Landgericht Dortmund
Az: 36 Qs 112/09
Beschluss vom 16.12.2009
In der Strafsache wegen Computerbetruges hier: Auslagenerstattung hat die 36. große Strafkammer des Landgerichts Dortmund auf die Beschwerde des Antragstellers vom 7. Oktober 2009 gegen den Beschluss des Amtsgerichts Dortmund vom 1. Oktober 2009 am 16. Dezember 2009 beschlossen:
Die Sache wird wegen ihrer grundsätzlichen Bedeutung der Kammer übertragen.
Der angefochtene Beschluss wird aufgehoben.
Die vorn Antragsteller geltend gemachte Dokumentenpauschale ist dem Grunde nach erstattungsfähig. Zur Entscheidung über ihre Höhe wird die Sache an das Amtsgericht — Rechtspflegerin — zurückverwiesen.
Gründe:
Die zulässige Beschwerde ist begründet. Ein Anspruch auf Ersatz einer Dokumentenpauschale steht dem Antragsteller dem Grunde nach zu. Er gründet sich auf Nr. 7000 Nr. 1 lit. a VV RVG , wonach einem Verteidiger eine Pauschale für die Herstellung und Überlassung von Dokumenten für Ablichtungen und Ausdrucken aus Gerichtsakten zu erstatten ist, soweit deren Herstellung zur sachgemäßen Bearbeitung der Sache geboten war.
Vorliegend hat der Antragsteller einen Auszug aus dem zur Einsicht überlassenen Gerichtsakten dadurch gefertigt, dass er die Akten eingescannt und in einer PDF- Datei auf einem elektronischen Datenträger gespeichert hat.
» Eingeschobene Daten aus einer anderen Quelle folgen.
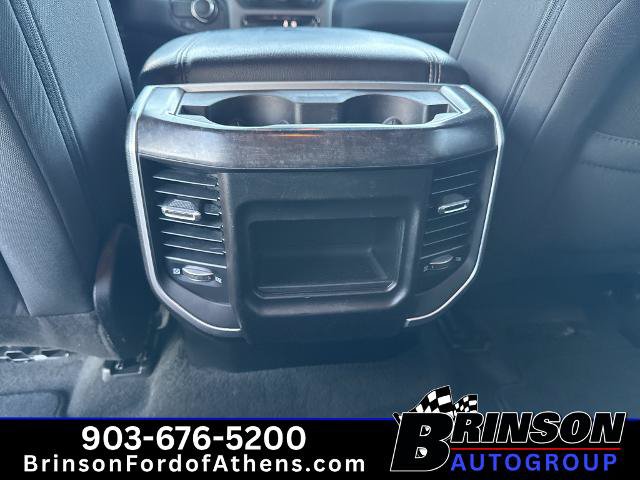 Used 2023 RAM 1500 Lone Star RWD image 15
Auf Papier ausgedruckt hat er die Datei nicht. Das Amtsgericht ist im Anschluss an eine Entscheidung des SG Dortmund vom 10.06.2009 — S 26 R 245/06 (zitiert nach juris) der Auffassung dass ein Einscannen und Abspeichern von Akten in einer elektronischen Datei den Gebührentatbestand der Nr. 7000 der VV RVG nicht erfüllt. Dafür erforderlich sei vielmehr der Ausdruck der Datei in Papierform.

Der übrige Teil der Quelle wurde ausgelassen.